> REQUIREMENT: Return, with both end lines included, exactly what the data below holds from the line with "Honda Civic 1.8" through the line with "Halskette Stardust Brillant", though not the pictures.

> DATA IN THIS EXERCISE:
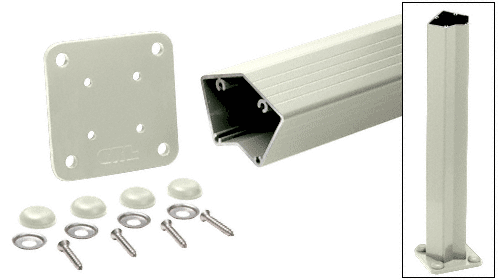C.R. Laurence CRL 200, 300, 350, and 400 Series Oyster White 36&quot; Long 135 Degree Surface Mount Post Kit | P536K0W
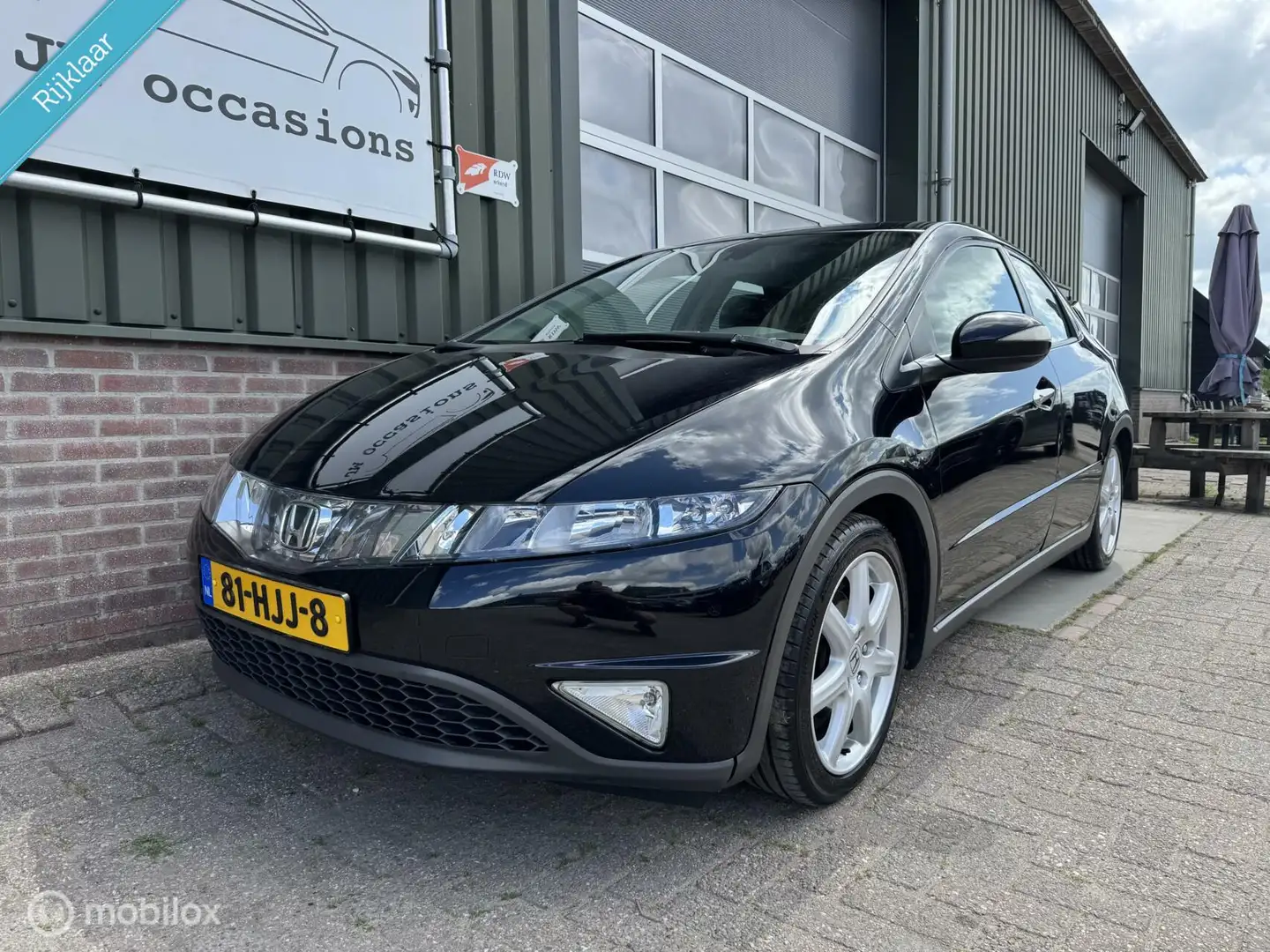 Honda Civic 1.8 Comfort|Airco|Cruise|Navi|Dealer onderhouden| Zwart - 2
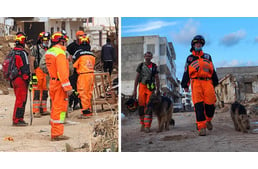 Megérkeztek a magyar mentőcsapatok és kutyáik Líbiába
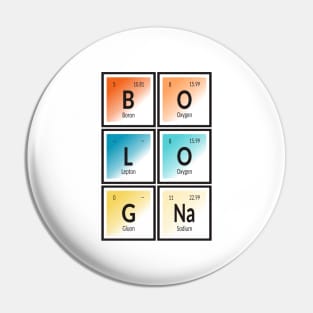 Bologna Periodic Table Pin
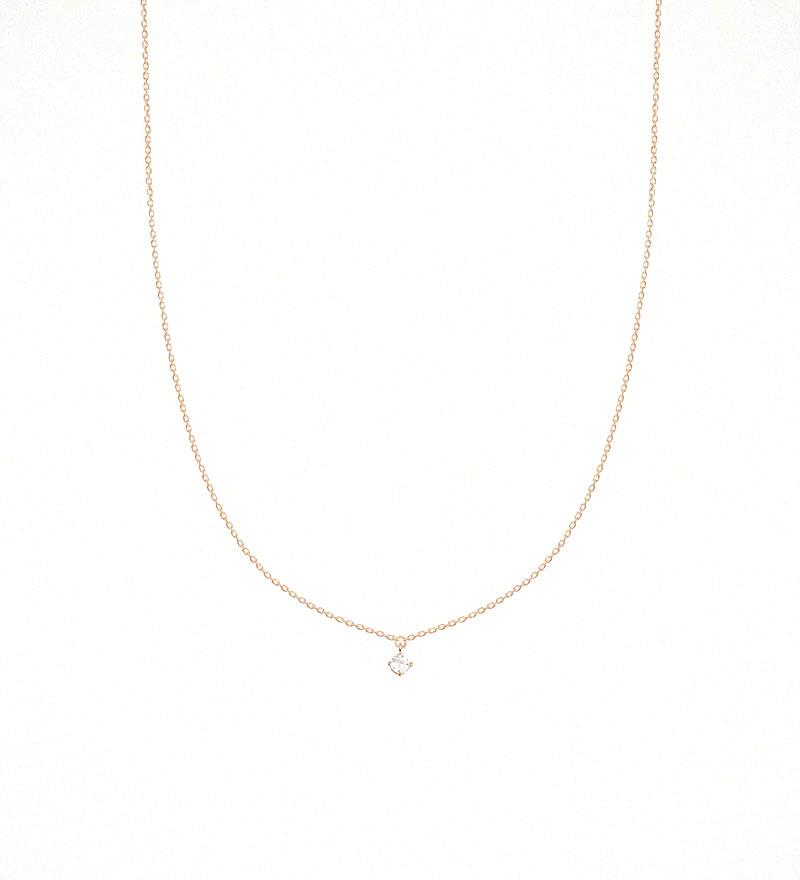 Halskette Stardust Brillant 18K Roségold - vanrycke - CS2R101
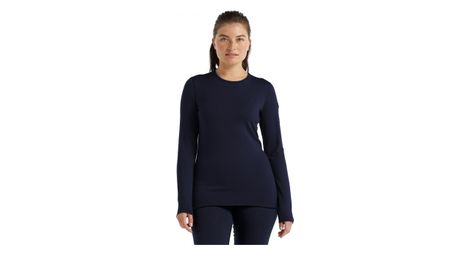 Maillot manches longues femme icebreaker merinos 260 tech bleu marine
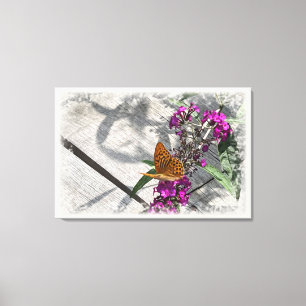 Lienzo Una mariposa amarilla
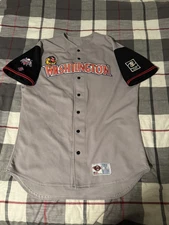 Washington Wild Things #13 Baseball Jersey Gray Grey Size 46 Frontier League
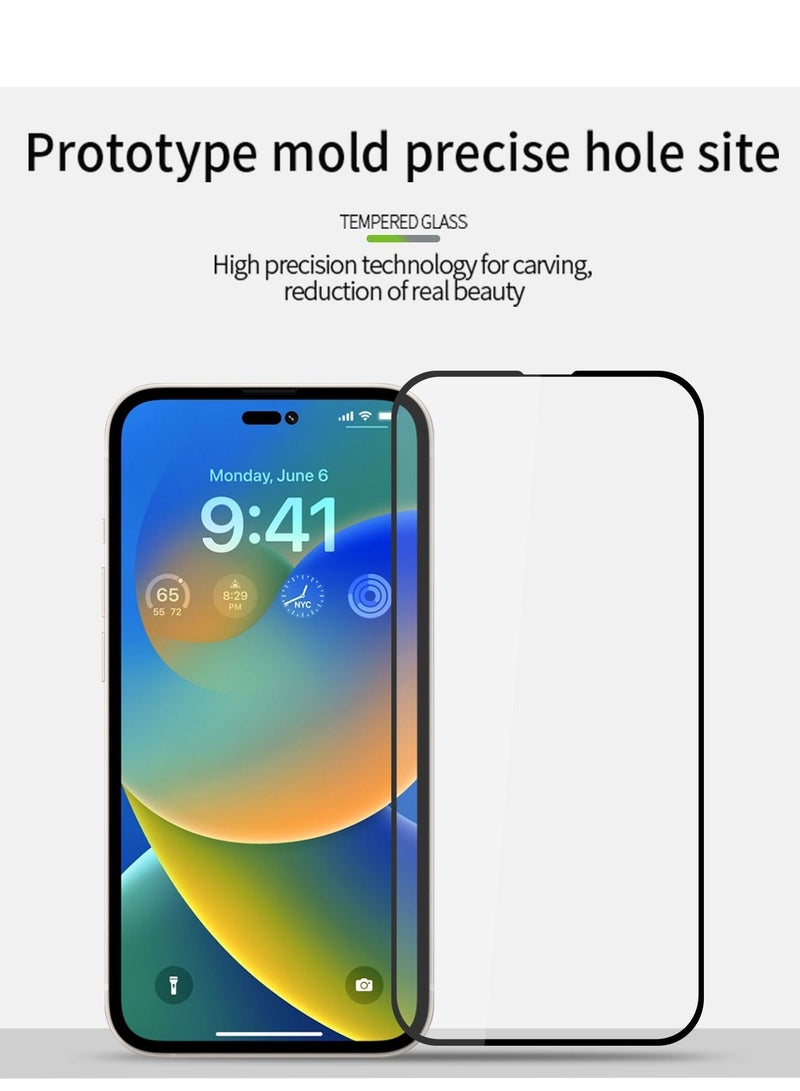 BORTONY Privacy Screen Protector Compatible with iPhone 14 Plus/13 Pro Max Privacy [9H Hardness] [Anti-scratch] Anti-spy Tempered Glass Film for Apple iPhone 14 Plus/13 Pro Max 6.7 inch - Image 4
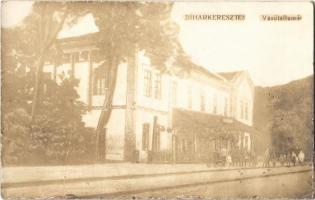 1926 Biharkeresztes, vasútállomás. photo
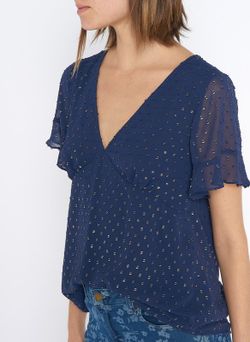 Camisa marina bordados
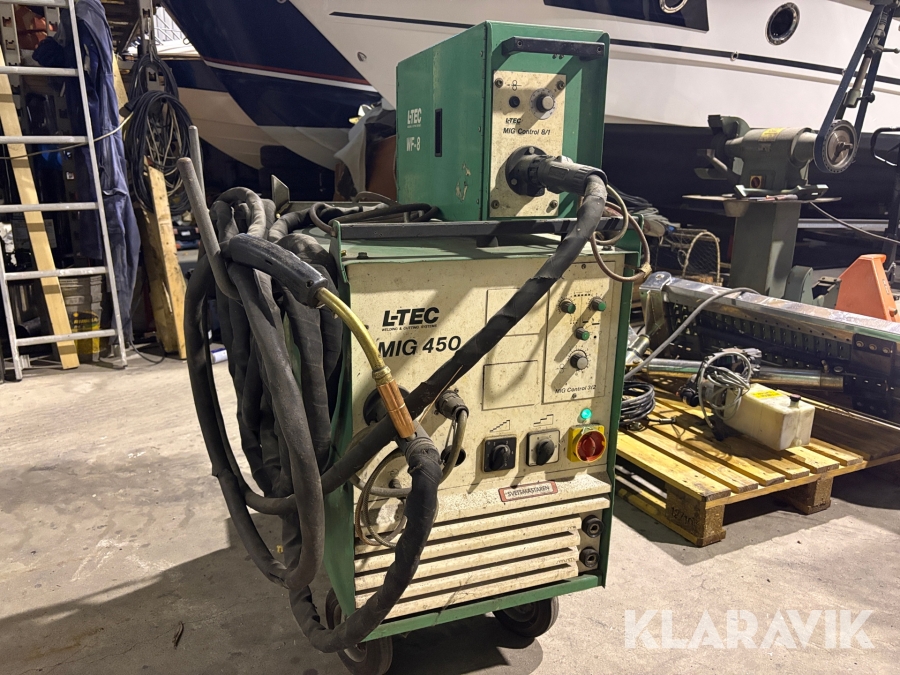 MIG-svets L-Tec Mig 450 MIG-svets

> RESULT:
 Honda Civic 1.8 Comfort|Airco|Cruise|Navi|Dealer onderhouden| Zwart - 2
 Megérkeztek a magyar mentőcsapatok és kutyáik Líbiába
 Bologna Periodic Table Pin
 Halskette Stardust Brillant 18K Roségold - vanrycke - CS2R101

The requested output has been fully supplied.